Task statement –
Output exactly the lines of the listing below that run from the line with "Rent a catamaran" through the line with "Vintage Silver and". No pictures.

Exercise input –
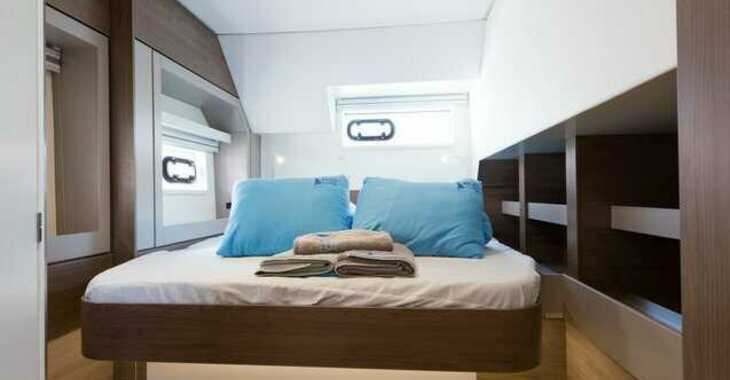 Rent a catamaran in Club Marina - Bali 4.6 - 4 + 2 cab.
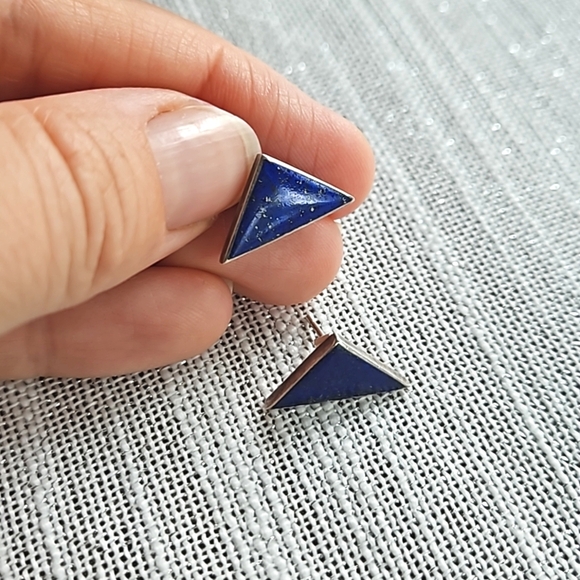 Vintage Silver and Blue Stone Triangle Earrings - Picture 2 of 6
* * *
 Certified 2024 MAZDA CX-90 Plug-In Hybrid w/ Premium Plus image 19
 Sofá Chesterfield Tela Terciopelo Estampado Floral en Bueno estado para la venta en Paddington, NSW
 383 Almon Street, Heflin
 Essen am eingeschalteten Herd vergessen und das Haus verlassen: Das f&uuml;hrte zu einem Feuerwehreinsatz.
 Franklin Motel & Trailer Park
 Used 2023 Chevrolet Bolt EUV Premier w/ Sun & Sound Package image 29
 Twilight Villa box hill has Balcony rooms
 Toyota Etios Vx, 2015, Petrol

Output below –
 Rent a catamaran in Club Marina - Bali 4.6 - 4 + 2 cab.
 Vintage Silver and Blue Stone Triangle Earrings - Picture 2 of 6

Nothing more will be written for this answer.